_What to produce:_ Look through the data below and report how many lines include "River". Only the number should be given.

*** Opening of Supplied material ***

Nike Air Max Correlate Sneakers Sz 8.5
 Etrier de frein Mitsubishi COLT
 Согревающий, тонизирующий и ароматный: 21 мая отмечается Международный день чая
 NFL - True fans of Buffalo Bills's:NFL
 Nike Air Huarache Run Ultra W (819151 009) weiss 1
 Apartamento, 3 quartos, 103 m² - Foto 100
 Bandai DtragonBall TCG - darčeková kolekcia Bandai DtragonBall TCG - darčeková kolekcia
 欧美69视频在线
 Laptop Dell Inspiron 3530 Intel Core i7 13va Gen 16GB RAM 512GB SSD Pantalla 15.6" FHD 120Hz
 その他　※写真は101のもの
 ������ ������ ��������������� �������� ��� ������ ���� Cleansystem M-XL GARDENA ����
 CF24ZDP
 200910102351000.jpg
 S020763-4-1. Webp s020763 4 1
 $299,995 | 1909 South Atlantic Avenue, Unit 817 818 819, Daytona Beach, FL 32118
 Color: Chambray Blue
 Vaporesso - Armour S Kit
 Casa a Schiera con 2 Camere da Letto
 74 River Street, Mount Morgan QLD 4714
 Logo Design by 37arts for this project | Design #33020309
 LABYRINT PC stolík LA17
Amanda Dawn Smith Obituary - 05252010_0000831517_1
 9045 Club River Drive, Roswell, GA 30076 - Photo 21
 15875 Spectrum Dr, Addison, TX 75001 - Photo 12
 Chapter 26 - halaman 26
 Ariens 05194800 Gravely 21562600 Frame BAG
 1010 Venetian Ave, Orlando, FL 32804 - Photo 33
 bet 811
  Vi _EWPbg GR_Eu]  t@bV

*** Close of Supplied material ***

_Answer space:_ 2